Başkan Kocaoğlu, il özel idaresinin kapanmasından sonra tartışmalara neden olan mal paylaşımı ve köy malları konusuna da değindi. Kocaoğlu, “Kırsalda köy tüzel kişilikleri üzerine seçim sistemi kuruldu. Biz burada doğru bir strateji oluşturduk. Köylülerin malları var. Bergama Kozak Yaylası’ndaki fıstık çamını ne yapacağım, satacak mıyım? Bir sürü şey var. Dere, otlak, mera, meyvelik, sebzelik var. Biz ‘bu düzeni bozmayacağız’ dedik. Peki nasıl çözeceksin? Kooperatiflere izbedel karşılığında kiraya vererek çözeceğiz. Köy malları bize hiç gelmedi. 30 dönüm üstündeki yerlere Büyükşehir bakıyordu. Biz ‘bunu bize verin’ dedik. Altını da ilçelere bıraktık. Sonra vali bey ‘Büyükşehir’e hiç vermeyeceğiz’ dedi ve iptal etti. Bazen karıştırılıyor. Birisi çıkıp (Vali Mustafa Toprak) diyor ki ‘malların yüzde 90’ını belediyelere verdik’… O da özel idare malları değil köy mallarıdır. Ödemiş’teki satışı da değerli basın mensuplarımız var takip ediyorlar. Ne satacak göreceğiz. İnsan sözü ile yaşar ya da fırıldak olur. Biz sözümüzü verdik. Tire Belediyesi’nin sattığı alanı Ödemiş CHP İlçe Başkanı Mehmet Birlik aldı. Biz Büyükşehir olarak arazi alamayız. Resmi tesis alanı alabiliriz. Bostan tarlasını alamam. Ben Mehmet Bey ile görüştüm sözümü ikiletmedi. Bu araziyi başka birisi de alsaydı ihalenin iptali için elimden geleni yapacaktım.
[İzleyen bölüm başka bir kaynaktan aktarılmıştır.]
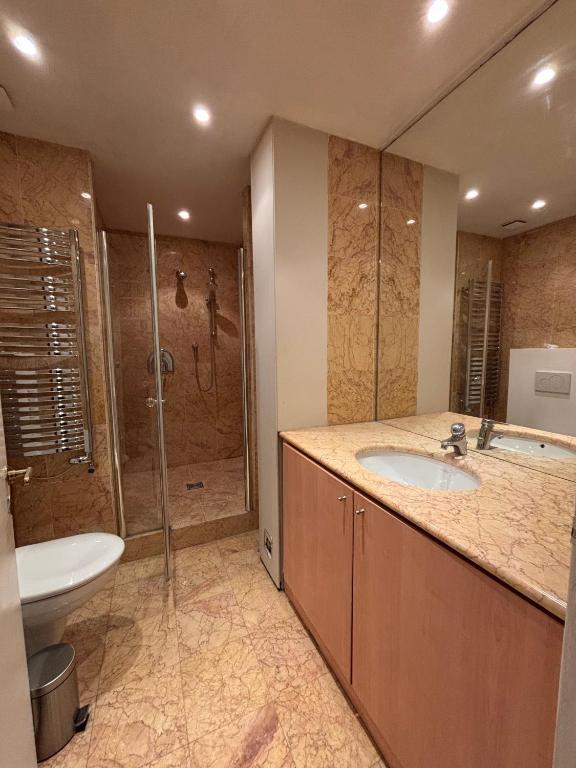 Spacious En-Suite Room by Champs Elysées - 2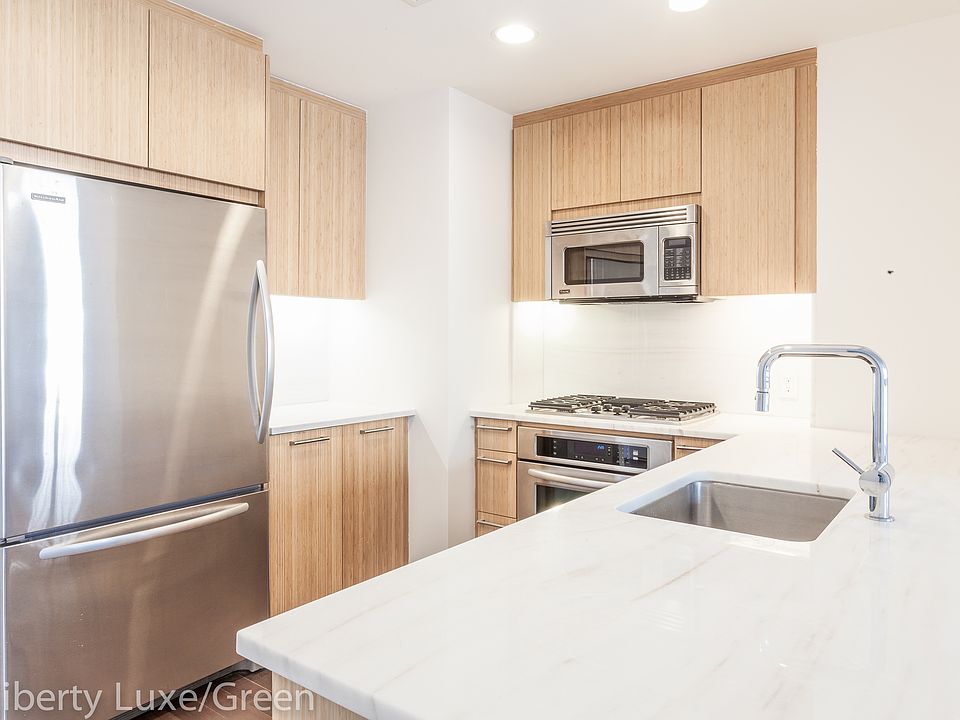 1st image of 200 N End Ave APT 3h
Kim alırsa alsın” dedi. Kocaoğlu, Vali Mustafa Toprak ile arasındaki buzların eriyip erimediği konusunda ise, “Bizim her sözümüzün, deyimizin manası var. İnsanlık tarihinden gelen sözler vardır. Başka anlamlar yükleyemezsiniz. Benim ‘ham’ dediğim vatandaşın malını kaptırmamaktır. Ama ‘ham hum şalalop’ karışık iştir. Bizim söylediğimiz ile bu farklı bir konudur” dedi.
ULAŞIMDA “ZON” UYGULAMASI
Kocaoğlu, ulaşım konusunda yeni bir uygulanın hazırlığını anlattı. İzmir genelinde yeni ilçelerin bağlanmasından sonra ‘zon’ uygulaması yapacaklarını belirten Kocaoğlu, “Kenti önümüze koyacağız. Birinci zona Menderes, Menemen ve Güzelbahçe’yi alıyoruz. Ardından eski metropol ve yeni metropol sınırları olarak ayrım yapılacak. Her 20-25 kilometrede bir fiyatlandırma yapacağız. Diyelim ki 20 kilometrede 2.5 TL,veren ikinci 25 kilometrede bir 2,5 TL daha verecek. Merkezden dağılım, ilçelerden ilçelere, ilçe merkezlerden köylere dağılan bir sistem getiriyoruz. Bir ilçede, 5 kilometre de köy var 45 kilometre de.. Bunu özel sektör ile birlikte yapacağız. Bu sistem ile 5 yıldır uğraşıyorum. Sabahleyin kalkıp da ‘şunu yapacağız’ demek yanlış. Yasalar, kanunlar, deneyimler ve yönetmelikler var. Biz de bir işi ilk defa yapıyoruz. Kendi insanımıza, coğrafyamıza uyduruyoruz. Bu ulaşım sisteminde dolmuşlardan başlayarak bizzat kendim çalışıyorum. Körfez’i, Kemeraltı’nı, Agora’yı, kentsel dönüşümü öyle çalışıyoruz. Vapurlar da geliyor. Vapurun birisinde bir hastalık oluyor ve geri gidiyor. O zaman ‘vay efendim’ diyorlar. Bunlar olacak. Küçük şeyler çözülür” açıklaması yaptı.